Looking at some of these elements also makes it clear that short term profit maximization does not necessarily increase shareholder value. Most notably, the competitive advantage period takes care of this: if a business sells sub-standard products to reduce cost and make a quick profit, it damages its reputation and therefore destroys competitive advantage in the future. The same holds true for businesses that neglect research or investment in motivated and well-trained employees. Shareholders, analysts and the media will usually find out about these issues and therefore reduce the price they are prepared to pay for shares of this business. This more detailed concept therefore gets rid of some of the issues (though not all of them) typically associated with criticism of the shareholder value model.

Based on these seven components, all functions of a business plan and show how they influence shareholder value. A prominent tool for any department or function to prove its value are so called shareholder value maps that link their activities to one or several of these seven components. So, one can find "HR shareholder value maps", "R&D shareholder value maps", and so on.

==Criticism==

The sole concentration on shareholder value has been widely criticized, particularly after the 2008 financial crisis. While a focus on shareholder value can benefit the owners of a corporation financially, it does not provide a clear measure of social issues like employment, environmental issues, or ethical business practices. A management decision can maximize shareholder value while lowering the welfare of third parties. Shareholder value coupled with short-termism has also been criticized as lowering the overall rate of economic growth due to reduced business capital accumulation.

It can also disadvantage other stakeholders such as customers. For example, a company may, in the interests of enhancing shareholder value, cease to provide support for old, or even relatively new, products.

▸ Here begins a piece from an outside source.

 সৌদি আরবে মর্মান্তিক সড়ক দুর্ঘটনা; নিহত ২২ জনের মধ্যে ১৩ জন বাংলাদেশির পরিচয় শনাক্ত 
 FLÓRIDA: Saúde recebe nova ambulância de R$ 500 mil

Additionally, short term focus on shareholder value can be detrimental to long term shareholder value; the expense of gimmicks that briefly boost a stocks value can have negative impacts on its long term value. Marc Benioff, CEO of Salesforce, said that "[...] the obsession with maximizing profits for shareholders has brought us: terrible economic, racial and health inequalities; the catastrophe of climate change." According to critics, oversimplifying the corporation's role has neglected the imperfect world we live in.

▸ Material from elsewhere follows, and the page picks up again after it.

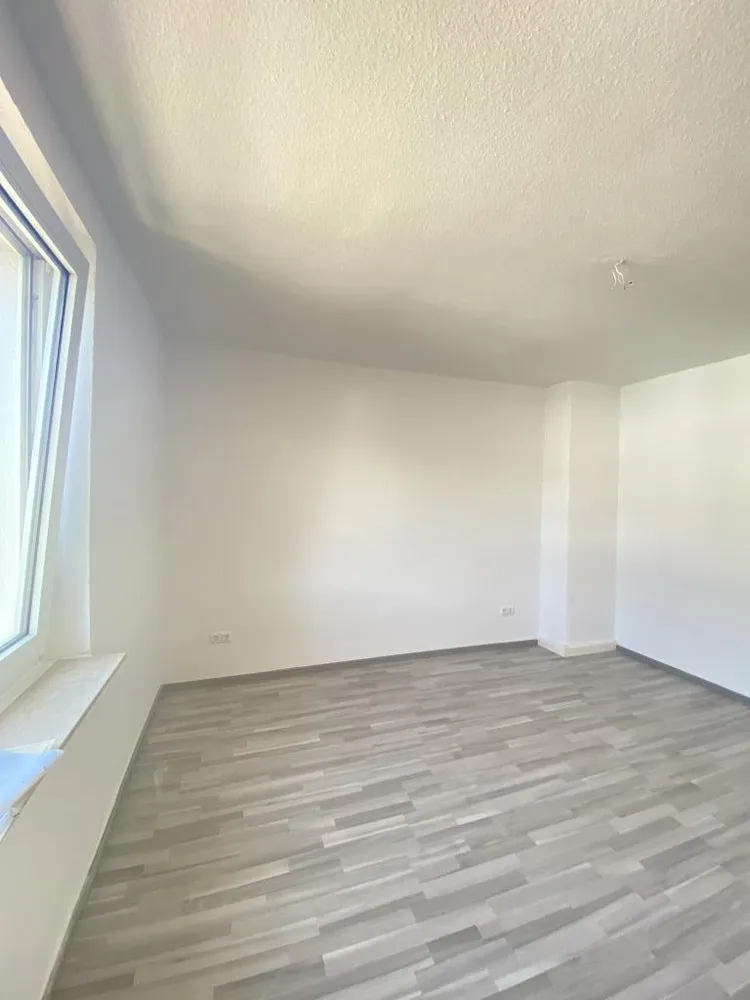 2 Zimmer Wohnung mit 54 m² in Solingen – Bild 2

=== Criticism for worker devaluation ===

==== Compensation packages ====
Within the 80's and 90's, numerous companies faced lawsuits from current and former employees alike for reducing or withholding workers from accessing benefits in the present or during retirement. The SV model has led to reduced pension support as a means of maximizing profits at the cost of the employees. Some companies have switched matching pension plans monthly to once a year. Critics remain alarmed at the nature of cutting out or underestimating the value of the labor a worker produces for maintaining or raising the value of stock. The reduced benefits are attributed to the trend of the corporate world's reduction in investing in non-shareholder constituents because it is not an immediate money producer—the main goal of SV theory.

==== Layoff practices ====
The aforementioned status of workers faces criticism when looking at how this "reduced pension matching" loophole becomes manipulated. If laid off before the pre-pension matching period is complete, there is no compensation. Furthermore, mass layoffs have affected companies in the home headquarters with many jobs either going overseas or being hired out to contractors from similar positions to those that were laid off for lower benefits and protections as critics and experts have noted. According to economic experts and critics alike, the downsize-and-distribute model invoked by SV theory extracts value and then further ingrains employee instability and greater income inequality.

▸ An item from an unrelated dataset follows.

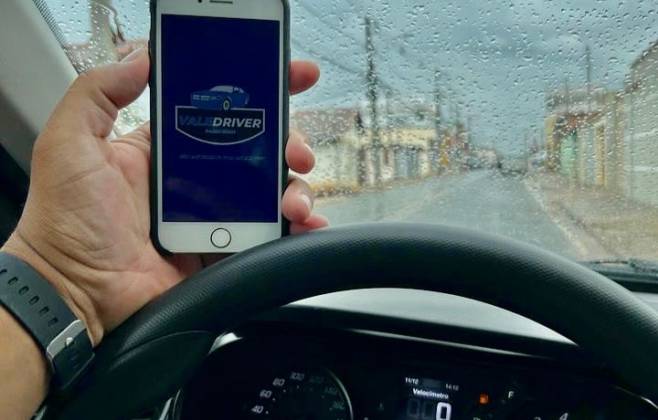 Motoristas esnobam Uber e 99 e criam apps próprios em cidade do interior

=== Company criticisms ===

==== End of corporate responsibility ====
In Milton Friedman's seminal piece advocating for shareholder value titled "The Social Responsibility of Business Is to Increase Its Profits", he makes the argument that the business of business is its business. Friedman's postulation suggests that if social responsibility and profit run counterintuitively, pick the latter. By prioritizing the accumulation of wealth by all means, it uncomplicates other responsibilities that may have a hindrance to achieving this goal. Some responsibilities include, but are not limited to: community development, employee investment, worker benefits, research and development, and more. These responsibilities are attributed to being long-term and do not immediately satisfy the short-term – and mainstream – interpretation of shareholder value.

==== Stock buyback ====

Stock buyback is criticized for its extractive nature which takes profit and uses it to make stocks look more profitable than they might be in the name of shareholder value. In 1982, the U.S. Securities and Exchange Commission (SEC) implemented Rule 10b-18 of the Securities Exchange Act, thus allowing for corporations to buy back stock under certain thresholds and circumstances. With low investigation and consequence rates for breaches, as well as loopholes, this opened up opportunity to legal stock price manipulation. With SV theory incentivizing the shareholder and tying executive pay, the stock price became intrinsically tied with success as critics note. One notable effect of this practice includes reduced investment. From 2003 to 2012, of the 449 firms in the S&P 500, 54% of earnings went to stock buyback and 37% to dividends. This leaves 9% of earnings to go elsewhere, a reduction from the previous rates of investment in past decades. Economists like Lenore Palladino point out the eventual consequence when this bubble will burst, the majority of Americans will face the consequence, not the ones leading the firms.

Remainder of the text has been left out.